[Opening Source data section]

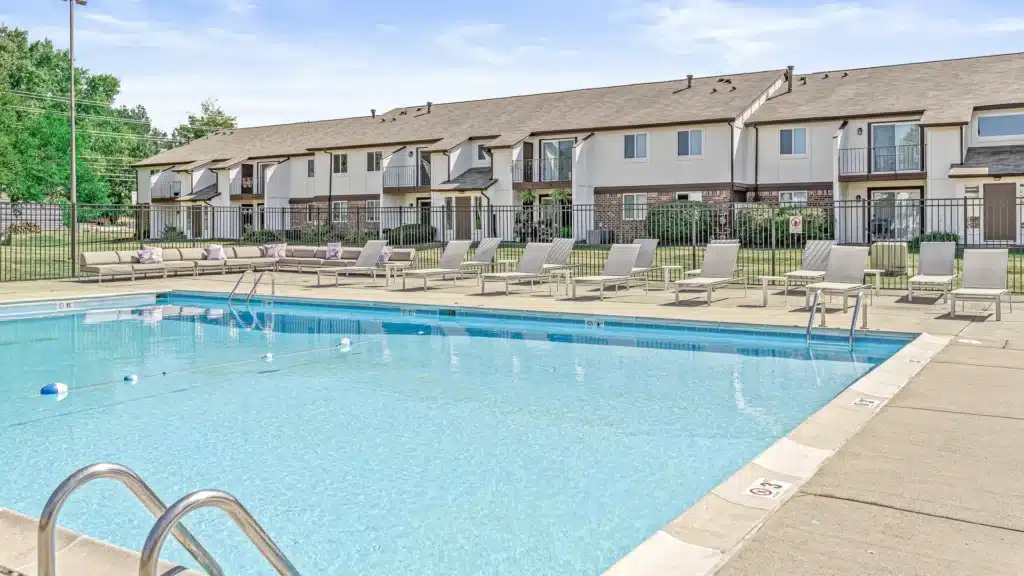 Outdoor swimming pool with lounge chairs, metal handrails, and a fenced area in front of a row of two-story apartment buildings under a clear sky.
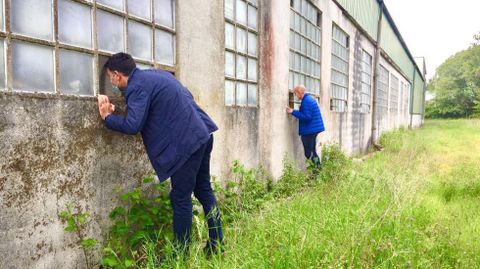 El portavoz del PP, Javier Castiñeira, y el alcalde de Begonte, mirando las naves de Manuel Mallo
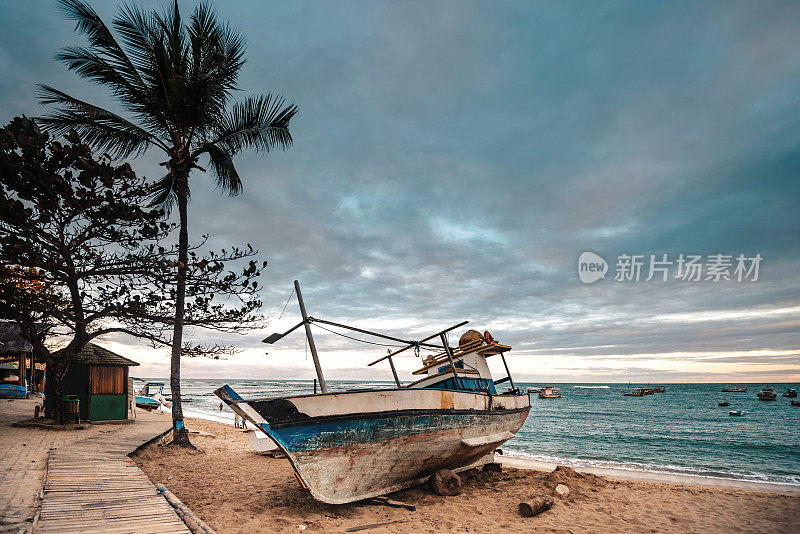 日落时分，一艘渔船在普拉亚多福特海滩的沙滩上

[Closing Source data section]

**Aim of the exercise**
Please return the full listing word for word, but without any pictures.

**Finished exercise**
 Outdoor swimming pool with lounge chairs, metal handrails, and a fenced area in front of a row of two-story apartment buildings under a clear sky.
 El portavoz del PP, Javier Castiñeira, y el alcalde de Begonte, mirando las naves de Manuel Mallo
 日落时分，一艘渔船在普拉亚多福特海滩的沙滩上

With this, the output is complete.